The Coast Road
by Robinson Jeffers
(1887 – 1962)
from: Such Counsels You Gave To Me
A horseman high-alone as an eagle on the spur of the mountain over
Mirmas Canyon draws rein, looks down
At the bridge-builders, men, trucks, the power-shovels, the teeming end of
the new coast-road at the mountain’s base.

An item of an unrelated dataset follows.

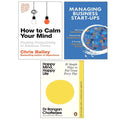How to Calm Your Mind,Managing Business Start-Ups,Happy Mind Happy Life 3 Books Collection Set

He sees the loops of the road go northward, headland beyond headland,
into gray mist over Fraser’s Point,
He shakes his fist and makes the gesture of wringing a chicken’s neck,
scowls and rides higher.
Believe that the life of men who ride horses, herders of cattle on the
mountain pasture, plowers of remote
Rock-narrowed farms in poverty and freedom, is a good life. At the far end
of those loops of road
Is what will come and destroy it, a rich and vulgar and bewildered
civilization dying at the core,
A world that is feverishly preparing new wars, peculiarly vicious ones, and
heavier tyrannies, a strangely
Missionary world, road-builder, wind-rider, educator, printer and
picture-maker and broad-caster,
So eager, like an old drunken whore, pathetically eager to impose the
seduction of her fled charms
On all that through ignorance or isolation might have escaped them. I hope
the weathered horseman up yonder
Will die before he knows what this eager world will do to his children.
More tough-minded men
Can repulse an old whore, or cynically accept her drunken kindnesses for
what they are worth,
But the innocent and credulous are soon corrupted.
Where is our consolation? Beautiful beyond belief
The heights glimmer in the sliding cloud, the great bronze gorge-cut sides
of the mountain tower up invincibly,
Not the least hurt by this ribbon of road carved on their sea-foot.